Introduction: CNC Nyancat Food Mold (nyancake!)
CNC tools and food! What could be better? Plus, it's super-easy.
This is an overview of how I made a nyancat food-safe mold, and of course with the magic of CNC and digital CAD files you can apply it to just about any shape you want. The basic idea is to mill out a foam positive, pour food-safe silicone into that, and then when the silicone mold cures, pour food into that.
CAD of some sort. Autodesk inventor is free for students (people with .edu emails).
Access to CAM and CNC mill or 3d printer.
Some money to buy food-safe silicone, say $20. Well, if you're doing jello, you can make molds out of hot glue (I used that for https://www.instructables.com/id/LeGummies-brick-shaped-gummy-candies/ -- definitely a destructive mold removal, I had to pry legos out with pliers), but I'm not 100% sure how safe that is. I guess it'd be fine for things like pudding.
Cake / pudding / jello mix, yogurt, watermelon juice, whatever food item you want.

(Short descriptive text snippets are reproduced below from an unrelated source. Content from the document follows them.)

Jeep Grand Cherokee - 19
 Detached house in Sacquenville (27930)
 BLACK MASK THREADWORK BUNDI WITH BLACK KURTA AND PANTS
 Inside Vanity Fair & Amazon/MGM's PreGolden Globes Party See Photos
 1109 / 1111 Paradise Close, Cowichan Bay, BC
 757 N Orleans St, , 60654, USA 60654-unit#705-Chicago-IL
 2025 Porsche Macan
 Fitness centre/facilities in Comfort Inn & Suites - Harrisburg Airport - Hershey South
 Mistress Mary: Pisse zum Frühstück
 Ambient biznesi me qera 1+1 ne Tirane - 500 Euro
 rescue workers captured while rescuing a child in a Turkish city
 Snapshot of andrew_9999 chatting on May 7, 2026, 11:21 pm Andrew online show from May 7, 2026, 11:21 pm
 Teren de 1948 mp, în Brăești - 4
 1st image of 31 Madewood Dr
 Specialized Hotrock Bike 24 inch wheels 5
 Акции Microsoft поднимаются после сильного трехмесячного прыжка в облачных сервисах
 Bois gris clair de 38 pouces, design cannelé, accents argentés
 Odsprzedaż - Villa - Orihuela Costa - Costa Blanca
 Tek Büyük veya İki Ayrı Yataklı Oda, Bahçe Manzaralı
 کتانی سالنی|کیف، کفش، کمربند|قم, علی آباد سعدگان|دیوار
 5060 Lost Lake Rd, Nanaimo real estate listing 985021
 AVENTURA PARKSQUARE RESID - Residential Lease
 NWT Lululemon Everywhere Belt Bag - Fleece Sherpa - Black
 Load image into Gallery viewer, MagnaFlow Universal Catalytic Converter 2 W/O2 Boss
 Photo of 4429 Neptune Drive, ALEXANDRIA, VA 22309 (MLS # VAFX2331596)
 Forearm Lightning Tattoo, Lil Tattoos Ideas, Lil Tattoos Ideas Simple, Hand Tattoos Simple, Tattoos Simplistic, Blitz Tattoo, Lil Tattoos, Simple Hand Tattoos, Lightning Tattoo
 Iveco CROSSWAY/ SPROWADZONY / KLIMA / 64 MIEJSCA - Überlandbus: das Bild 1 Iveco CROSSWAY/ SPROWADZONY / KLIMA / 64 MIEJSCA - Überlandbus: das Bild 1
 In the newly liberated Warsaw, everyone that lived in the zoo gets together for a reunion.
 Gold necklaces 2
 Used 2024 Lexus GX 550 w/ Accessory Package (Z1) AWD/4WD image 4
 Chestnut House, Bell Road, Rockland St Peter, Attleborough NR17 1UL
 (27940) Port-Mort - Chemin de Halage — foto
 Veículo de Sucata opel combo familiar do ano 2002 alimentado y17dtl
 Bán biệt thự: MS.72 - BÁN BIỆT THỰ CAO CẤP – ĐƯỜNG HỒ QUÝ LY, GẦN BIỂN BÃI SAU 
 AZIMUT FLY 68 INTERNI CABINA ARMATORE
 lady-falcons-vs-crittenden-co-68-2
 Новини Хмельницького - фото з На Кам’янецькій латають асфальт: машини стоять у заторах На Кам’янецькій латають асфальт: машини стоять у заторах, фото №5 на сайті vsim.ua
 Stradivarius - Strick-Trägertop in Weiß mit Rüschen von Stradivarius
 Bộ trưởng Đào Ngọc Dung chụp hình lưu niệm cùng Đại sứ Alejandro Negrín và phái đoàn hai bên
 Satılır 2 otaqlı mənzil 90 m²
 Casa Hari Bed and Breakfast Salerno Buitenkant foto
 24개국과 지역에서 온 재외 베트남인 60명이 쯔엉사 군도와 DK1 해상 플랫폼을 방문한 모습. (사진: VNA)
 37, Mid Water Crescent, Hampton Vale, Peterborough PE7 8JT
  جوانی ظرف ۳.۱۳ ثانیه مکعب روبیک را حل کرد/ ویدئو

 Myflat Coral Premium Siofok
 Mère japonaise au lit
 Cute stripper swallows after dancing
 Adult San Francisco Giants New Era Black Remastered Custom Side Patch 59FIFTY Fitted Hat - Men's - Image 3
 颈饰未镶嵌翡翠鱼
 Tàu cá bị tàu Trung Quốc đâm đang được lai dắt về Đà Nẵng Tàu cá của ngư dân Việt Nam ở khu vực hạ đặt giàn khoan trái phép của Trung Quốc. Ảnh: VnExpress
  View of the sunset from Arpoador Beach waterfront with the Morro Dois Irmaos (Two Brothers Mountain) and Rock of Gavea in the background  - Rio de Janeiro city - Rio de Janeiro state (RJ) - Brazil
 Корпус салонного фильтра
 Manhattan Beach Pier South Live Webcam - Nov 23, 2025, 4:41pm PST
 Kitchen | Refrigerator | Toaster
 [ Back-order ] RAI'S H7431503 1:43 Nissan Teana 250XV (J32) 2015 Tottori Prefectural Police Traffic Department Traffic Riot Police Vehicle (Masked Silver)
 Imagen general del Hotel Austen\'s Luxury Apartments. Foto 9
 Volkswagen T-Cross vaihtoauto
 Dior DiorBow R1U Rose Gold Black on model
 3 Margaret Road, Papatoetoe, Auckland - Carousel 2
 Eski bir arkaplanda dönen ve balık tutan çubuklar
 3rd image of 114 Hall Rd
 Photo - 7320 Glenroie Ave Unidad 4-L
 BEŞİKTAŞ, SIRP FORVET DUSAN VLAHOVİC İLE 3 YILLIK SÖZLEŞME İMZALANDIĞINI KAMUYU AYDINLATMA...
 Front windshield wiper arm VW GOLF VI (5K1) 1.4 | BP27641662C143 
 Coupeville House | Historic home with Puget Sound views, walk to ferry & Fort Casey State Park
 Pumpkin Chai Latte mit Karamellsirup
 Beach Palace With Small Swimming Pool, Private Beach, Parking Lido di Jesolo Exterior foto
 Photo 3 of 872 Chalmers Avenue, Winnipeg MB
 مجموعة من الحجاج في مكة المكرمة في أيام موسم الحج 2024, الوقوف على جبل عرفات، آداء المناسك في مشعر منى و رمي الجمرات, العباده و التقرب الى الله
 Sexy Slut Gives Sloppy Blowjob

1) Spend a few hours CAD'ing nyancat. Add a shell to the CAD file to make a positive mold shape you can pour silicone into
3) CNC mill out of architecture foam or 3d print the positive mold
4) Apply 2-part food-safe silicone (putty or rubber) to the positive mold to make a negative mold
5) Apply cake mix or jello or pudding or whatever. If you're making cake, make sure to use mold release, aka
Submitted by MITERS for the Instructables Sponsorship Program
Step 1: NyanCAD! Yay! *dance*
(Submitted by MITERS for the Instructables Sponsorship Program.)
Images are marked with  below.
The first step is to CAD whatever you want to make a mold of. You CAD a positive version of your image, then add a "shell" around it so that you can pour silicone into the shape.  The shell doesn't have to be circular, I just made it that way because originally I wanted a cupcake.
There are three main considerations when designing your mold.
If you are milling out your mold:
1) what size drill bit decide to use limits what size features you can have (but for cake, small features don't show up well anyway)
2) the length of the drill bit you are using limit how many levels / how deep you can go
3) the size of the mold impacts how much of that expensive food-safe silicone you will use
What I did:
You can see how I started a sketch and then used tools > sketch tools > sketch picture.... to insert a reference nyancat image into my solidworks file.  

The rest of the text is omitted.